Making War for Profit
“When machines and computers, profit motives and property rights, are considered more important than people, the giant triplets of racism, extreme materialism, and militarism are incapable of being conquered.”
- Dr. Martin Luther King, Jr.
The WAR RESISTERS LEAGUE has assembled an impressive speakers bureau to address the problem of war profiteering and the vast influence that companies have in deciding what weapons systems to buy, what countries to invade, and what lands to occupy.
Contact us, and we'll send you a speaker.
The Defense Policy Board
Thirty unelected people meet four times a year to advise the Secretary of Defense on how to spend 400+ billion tax dollars. Who are they?
The very people who will profit most from invasions and occupations: Lobbyists for weapons manufacturers and representatives.
In the 2002 elections – an “off year” – weapons manufacturers contributed $8.5 million to candidates and parties.
From 1999 to 2002, a single “reconstruction” company donated from $708,770 in soft money and PAC contributions.
What are they buying for that money?
PR Firms and Media Blitzes
The Office of Global Communication – given 200 million tax dollars to promote the invasion of Iraq.
The Rendon Group – paid $100,000 a month by the government to link Iraq to the 9-11 terrorist attcks.

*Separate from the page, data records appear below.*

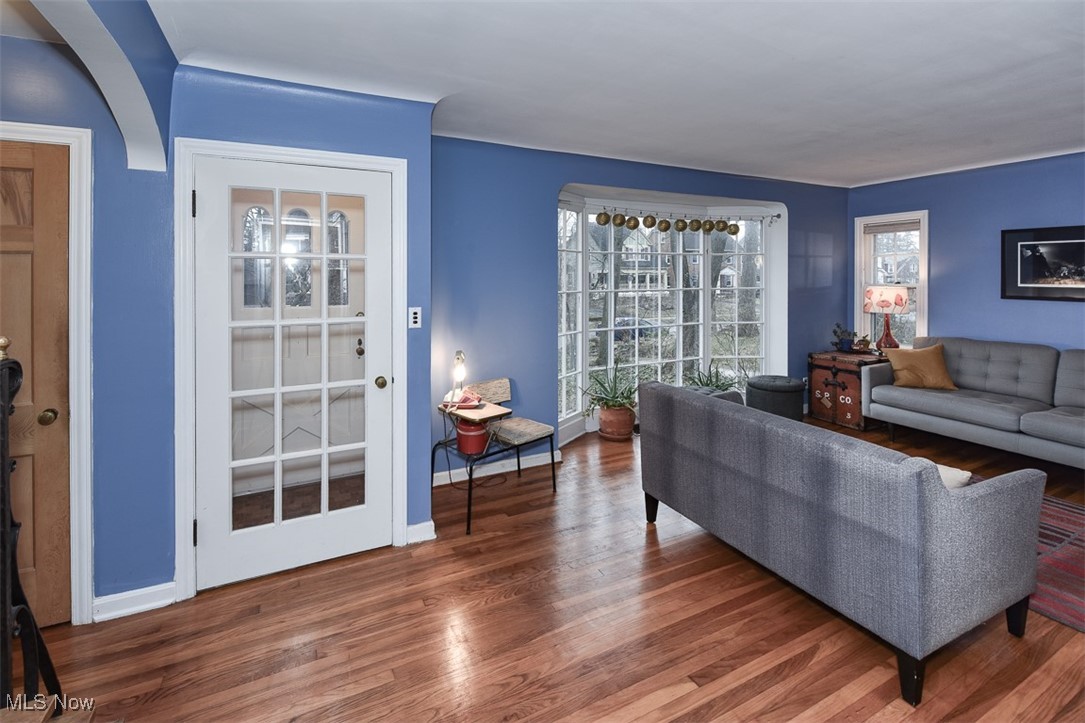 2469 Queenston Road Cleveland, OH 44118 - Photo 5 of 37 Living area with baseboards and wood finished floors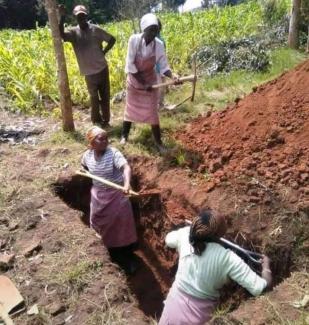 Women digging graves. © Saint Albert's Charity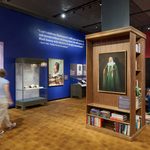 Striking portrait photographs hang on the walls next to glass exhibition cases and against wooden bookshelves
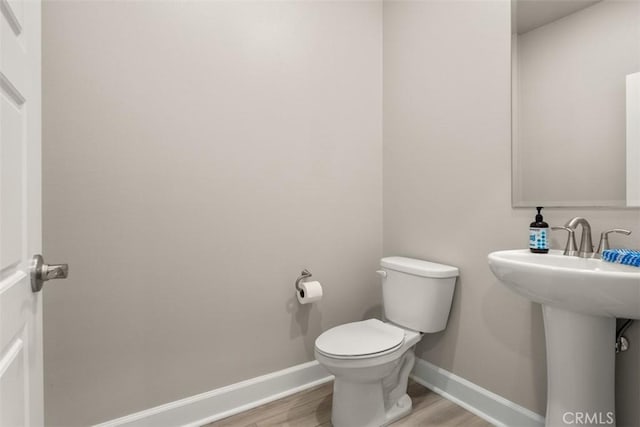 bathroom with baseboards, toilet, and wood finished floors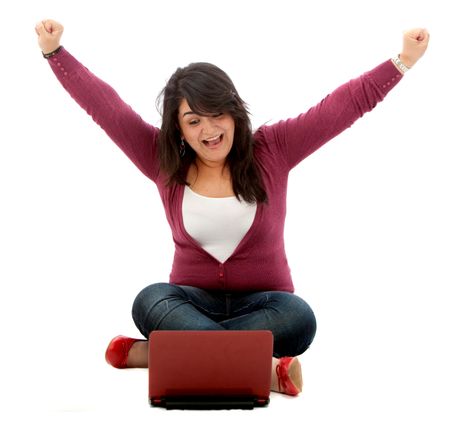 Excited woman with a laptop isolated on white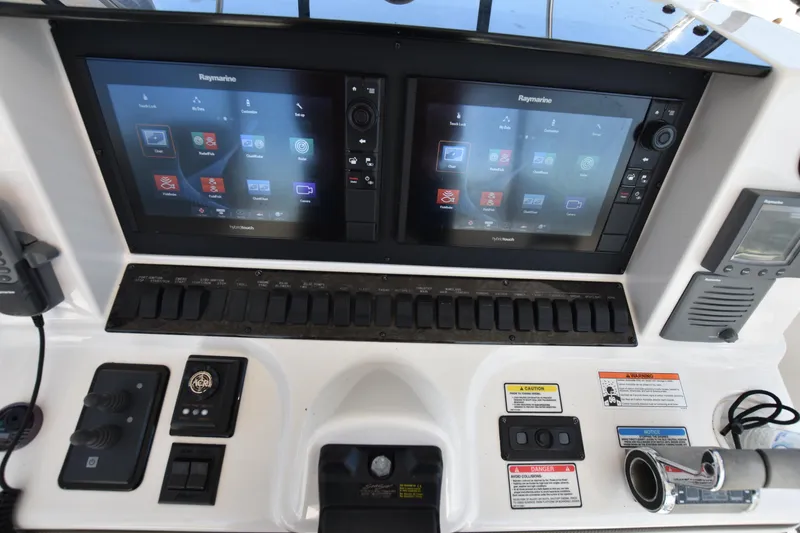 Slide: The Image of 2006 Sea Ray 58 Sedan Bridge helm with dual Raymarine displays and control panel. - 23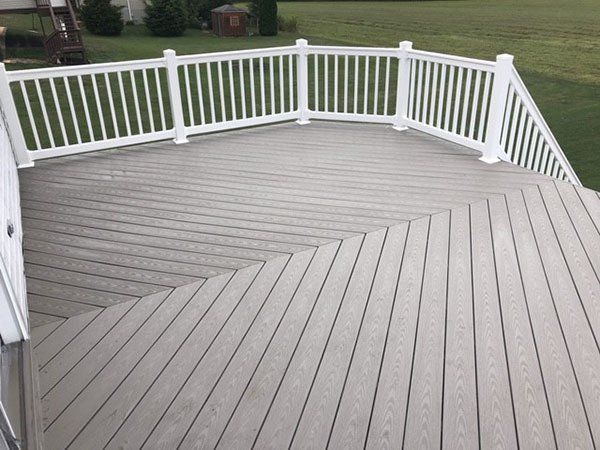 Gray wooden deck with white railings and stairs leading to a grassy yard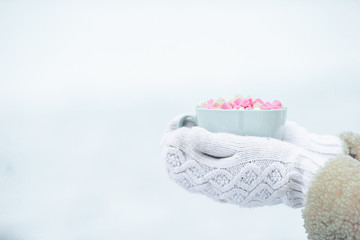 Fototapeta na wymiar Female hands holdink white cup of coffee with white and pink marshmallows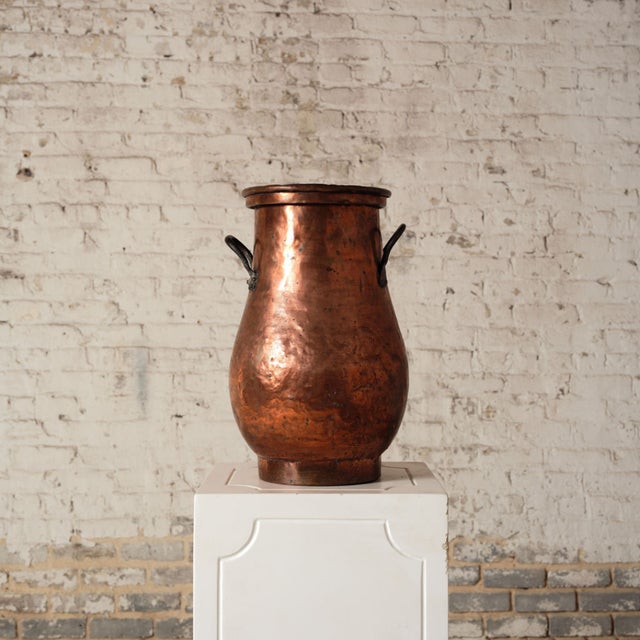 Add striking Old World character to your space with this late 18th century French copper pot, a tall and beautifully hand-...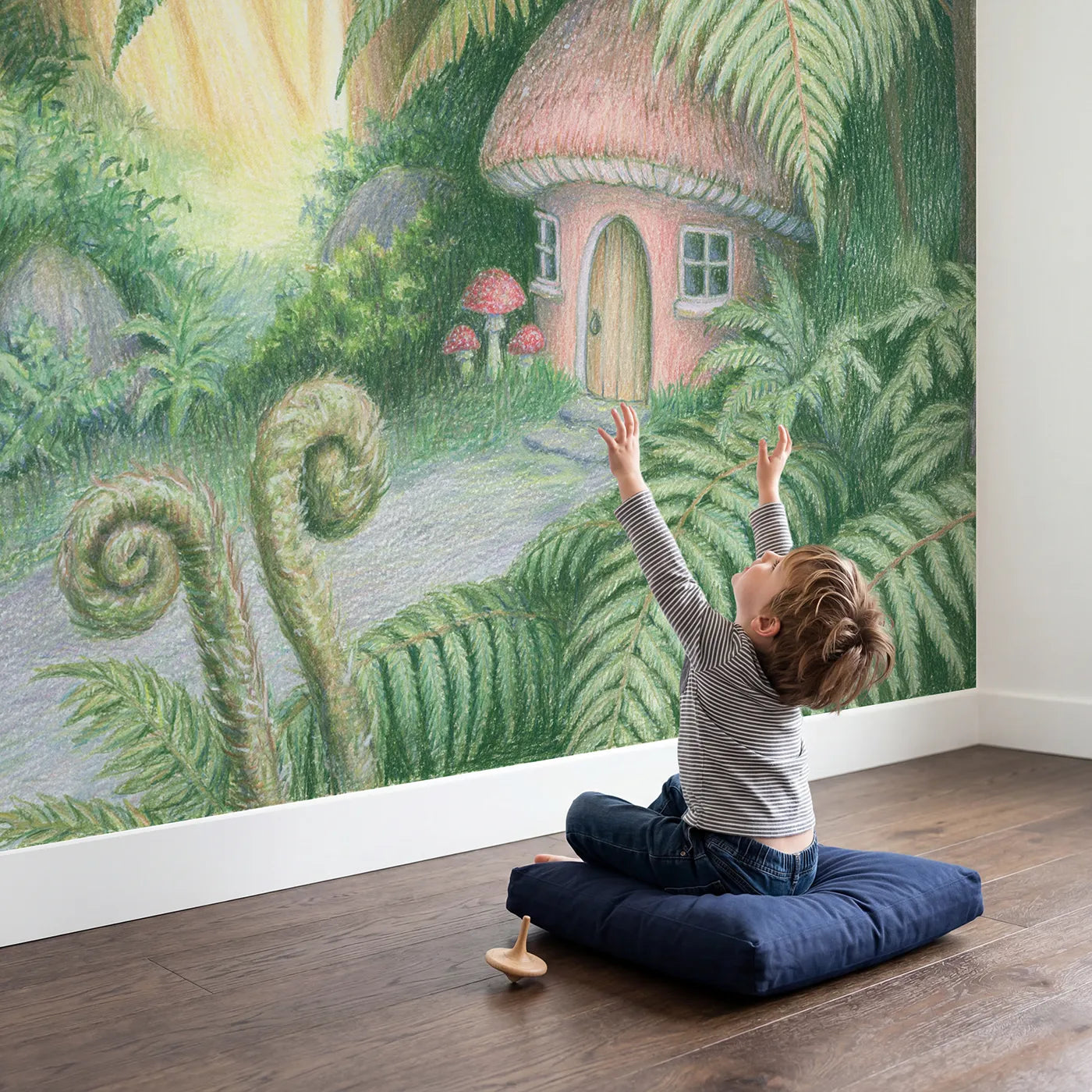 Child in nursery with Mushroom House Under Ferns Wallpaper Mural by Whimsy Tots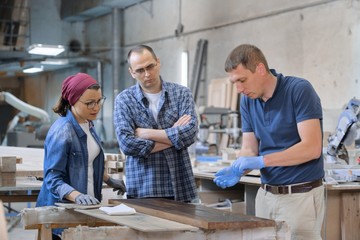 Group of people working in carpentry workshop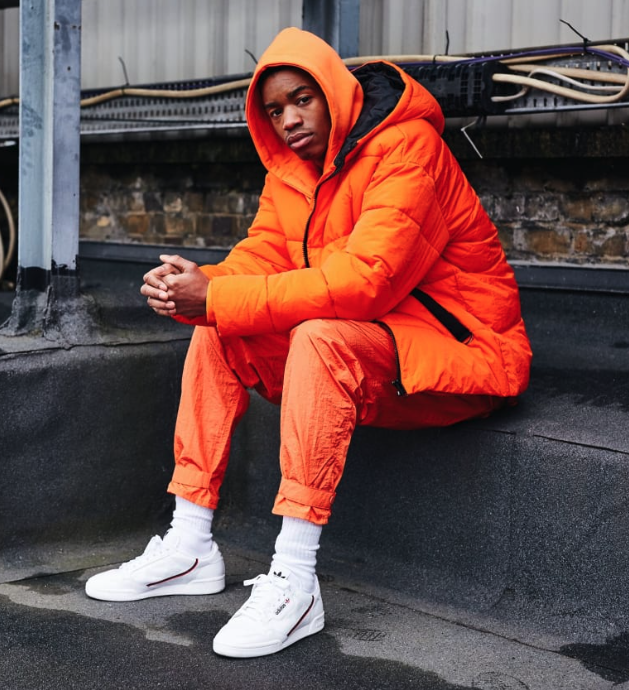 A man sitting in a bright orange Adidas tracksuit and white sneakers
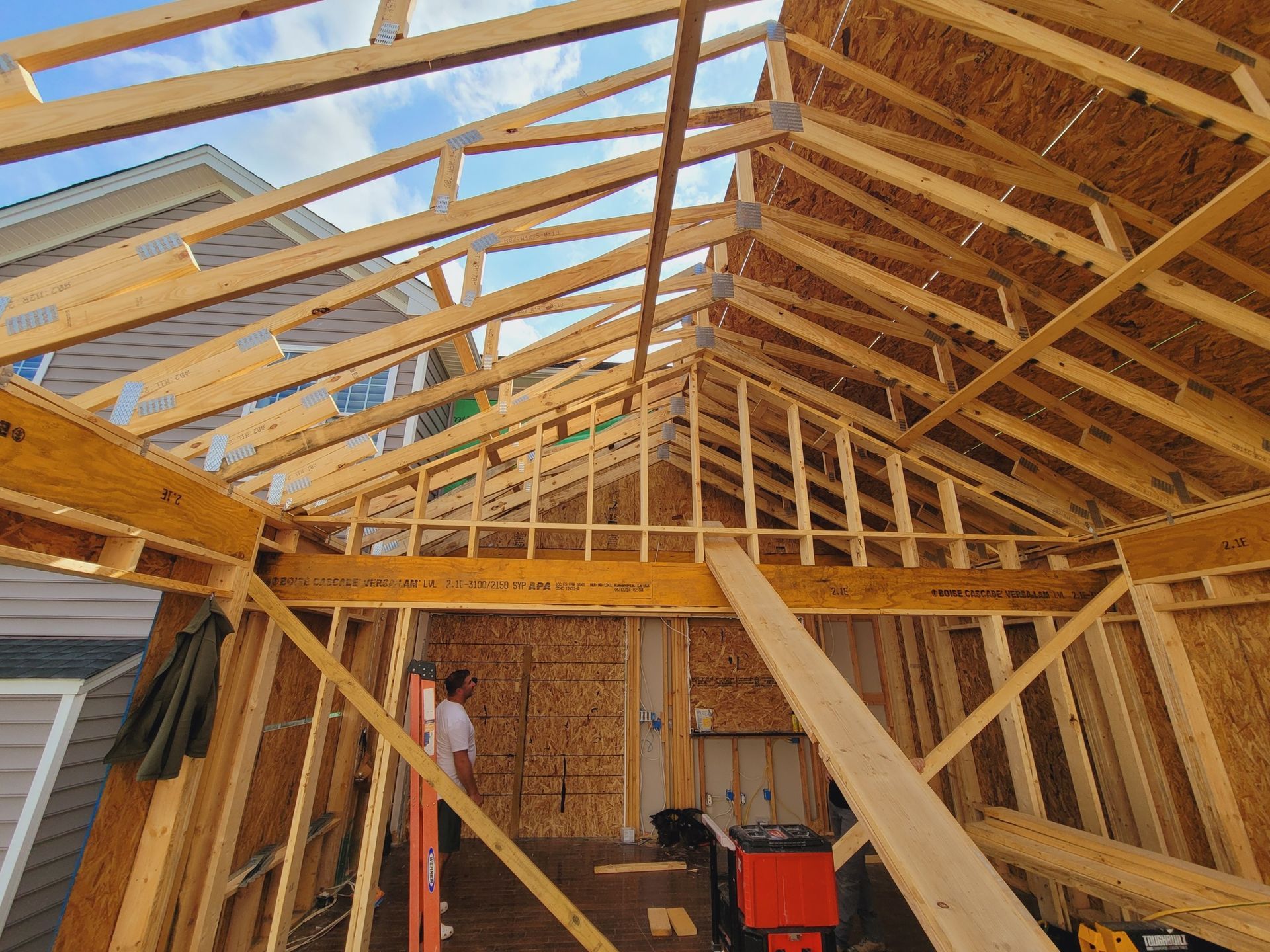 A man is standing in the middle of a wooden structure under construction.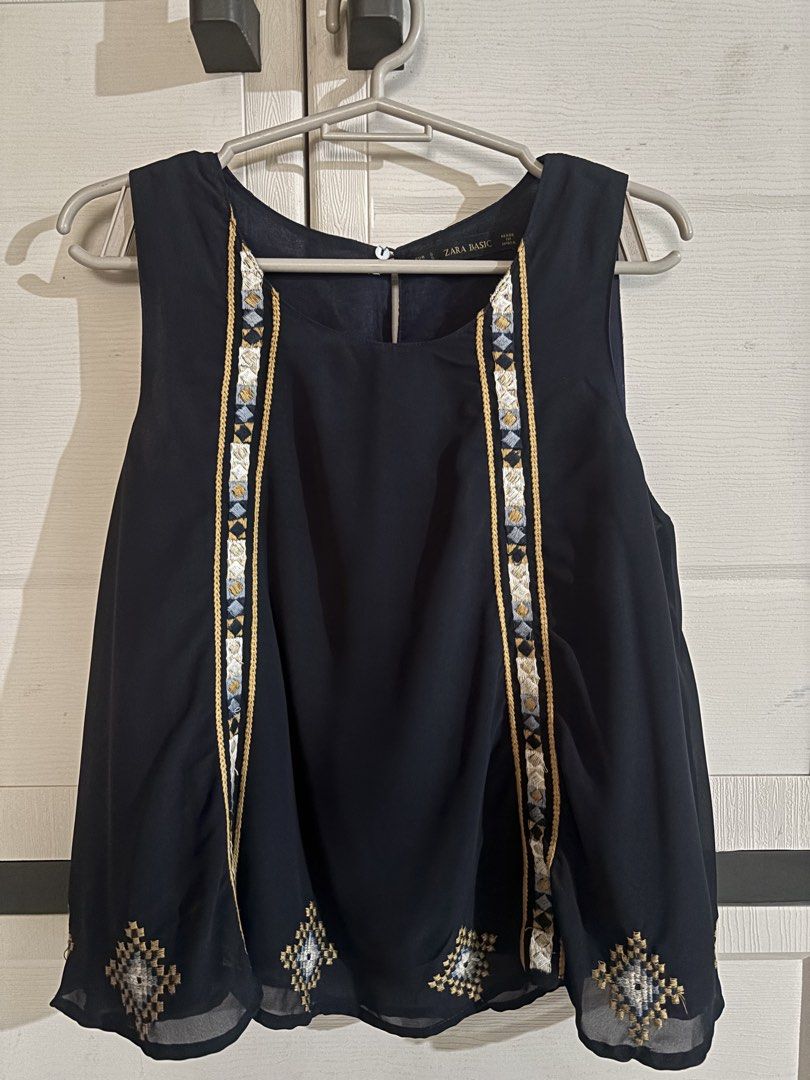 Zara Basic Navy Embroidered Sleeveless Top Size S (Category: Sleeveless) located in Antipolo. Submitted by jennibee (Listing ID 1469986914, Image 1). Description: - Brand/Model: Zara Basic - Size: S - Color: Navy blue with blue, white, and gold embroidery - Material: Lightweight chiffon - Details: Sleeveless, geometric embroidery on front and bottom hem, back keyhole cutout with button closure - Condition: Excellent.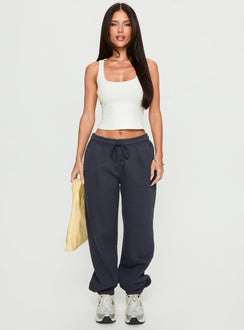 front view of model wearing Princess Polly Caspa Dream Fleece Oversized Ankle Cuff Jogger Navy High Rise Pants Pants 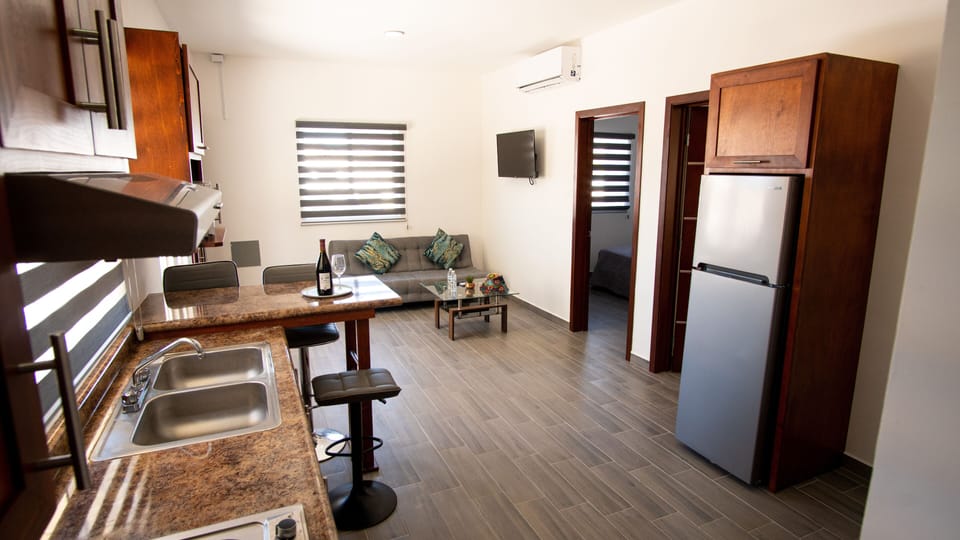 Comfort Condo | Living area | 42-inch LED TV with digital channels, TV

How did these “perception managers” manufacture consent?
The Business-Politics “Revolving Door”
When public office holders or military commanders leave government service, businesses or lobbying firms hire them for their “insider” political and military connections.
Then, when they leave the company to take public office, they bring the company's interests to their political decision making.
Military recruiters can promise the world. But they don't have to tell the truth. In what other ways does government funding of education give the military access and influence in our schools?
Lockheed Martin, Boeing, and Northrop Grumman, the three largest weapons manufacturers, together received more than $50 billion from the Pentagon in 2003.
If the U.S. government gave $1 million to the family of every U.S. soldier killed in Iraq, it would be %5 of the amount awarded to Lockheed-Martin in 2003.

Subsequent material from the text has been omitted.